**WORK REQUIRED:** Without copying any picture, transcribe exactly the lines of the data below from the one containing "VW Radiator 6K0 121 253L, 1HM 121 253D" through the one containing "Floral/tropical print shorts size 4".

**RECORDS FOR THIS TASK:**

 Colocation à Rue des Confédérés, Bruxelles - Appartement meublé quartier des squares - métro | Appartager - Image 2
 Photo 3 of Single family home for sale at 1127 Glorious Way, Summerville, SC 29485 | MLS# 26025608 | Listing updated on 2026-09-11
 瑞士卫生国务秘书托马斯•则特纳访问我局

...

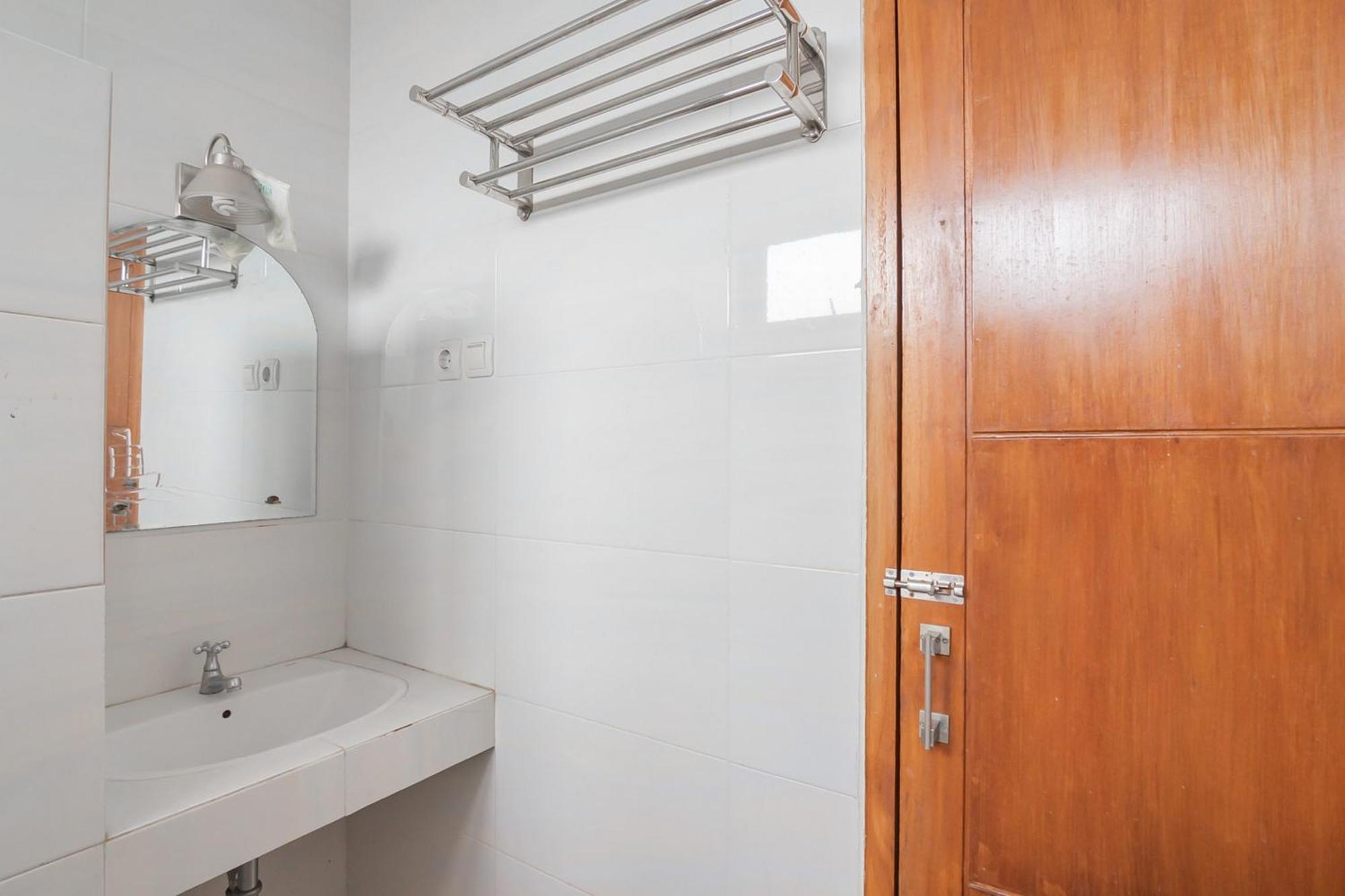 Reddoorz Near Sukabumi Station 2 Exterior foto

---

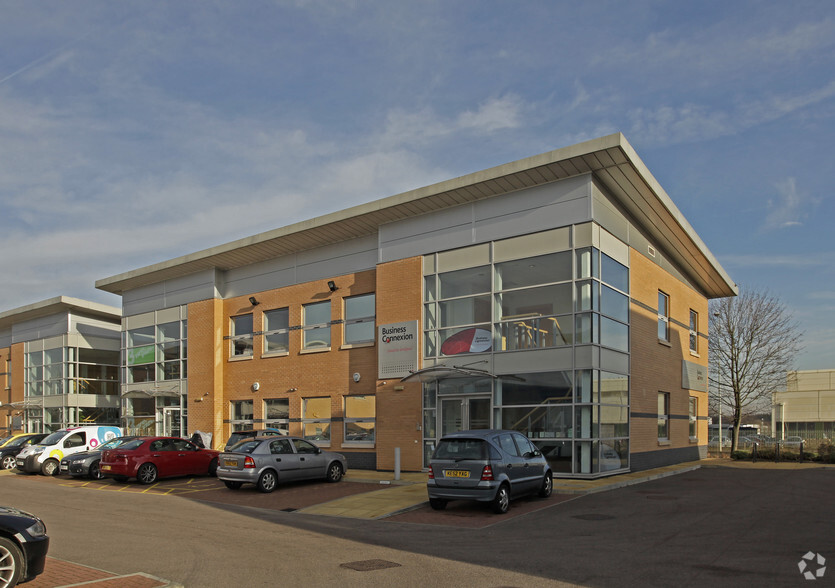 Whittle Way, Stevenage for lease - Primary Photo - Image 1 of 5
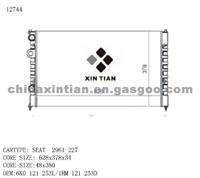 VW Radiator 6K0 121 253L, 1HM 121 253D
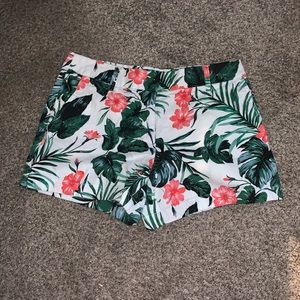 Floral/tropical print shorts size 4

**ANSWER FOR THE TASK:**
 VW Radiator 6K0 121 253L, 1HM 121 253D
 Floral/tropical print shorts size 4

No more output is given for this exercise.